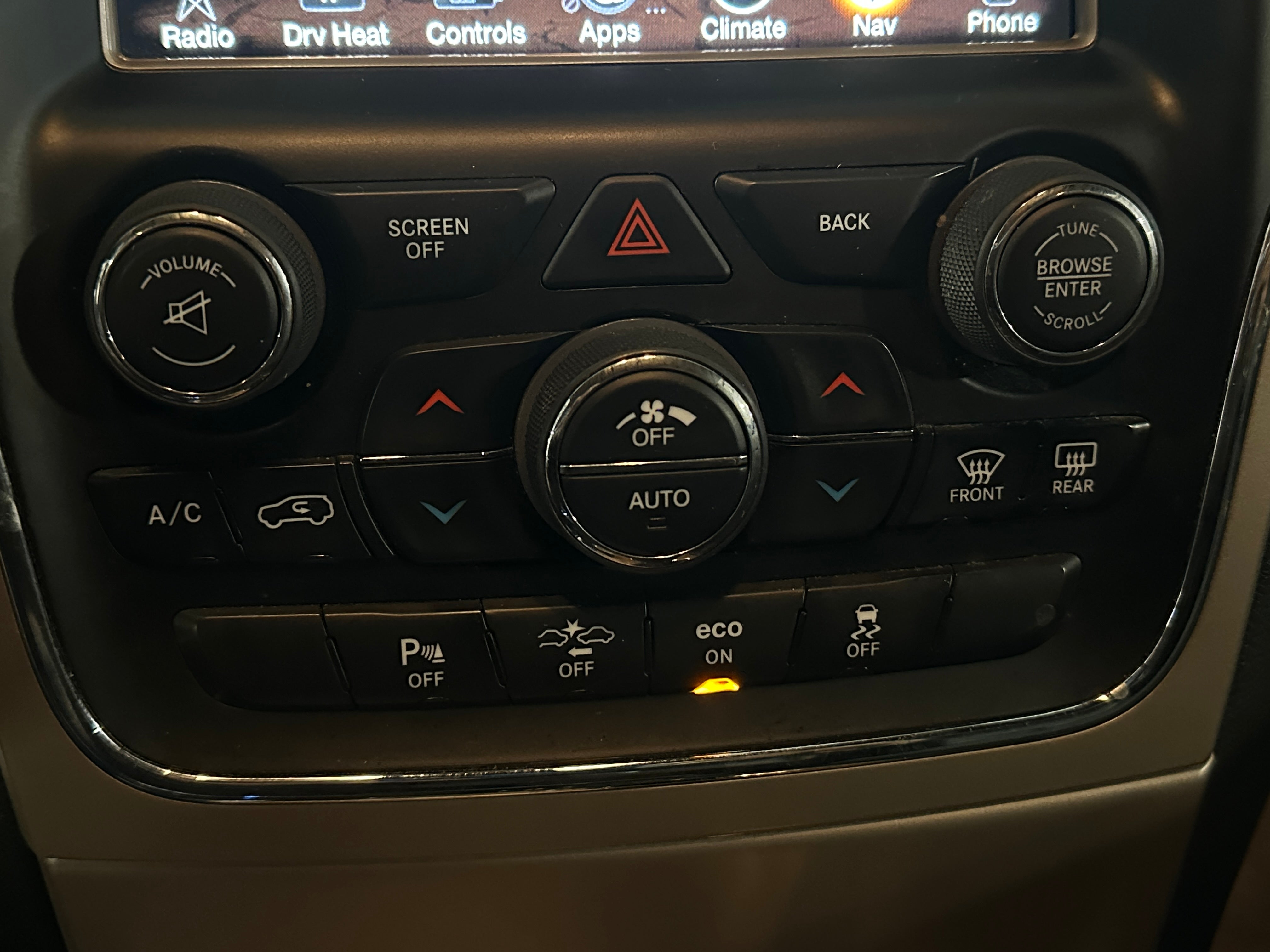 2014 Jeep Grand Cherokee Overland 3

● ● ● ● ● ● ●

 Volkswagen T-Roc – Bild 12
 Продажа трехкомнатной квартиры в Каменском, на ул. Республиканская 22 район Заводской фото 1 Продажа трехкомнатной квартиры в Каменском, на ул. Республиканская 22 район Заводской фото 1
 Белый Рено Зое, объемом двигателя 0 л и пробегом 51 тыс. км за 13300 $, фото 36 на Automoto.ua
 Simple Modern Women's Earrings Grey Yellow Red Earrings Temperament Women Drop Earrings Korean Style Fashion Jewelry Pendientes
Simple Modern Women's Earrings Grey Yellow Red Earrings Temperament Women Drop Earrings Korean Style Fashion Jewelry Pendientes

● ● ● ● ● ● ●

▶ _Try it_: Copy all lines of the records that have the string "Modern" in them.

▶ _Solved problem_:
 Simple Modern Women's Earrings Grey Yellow Red Earrings Temperament Women Drop Earrings Korean Style Fashion Jewelry Pendientes
Simple Modern Women's Earrings Grey Yellow Red Earrings Temperament Women Drop Earrings Korean Style Fashion Jewelry Pendientes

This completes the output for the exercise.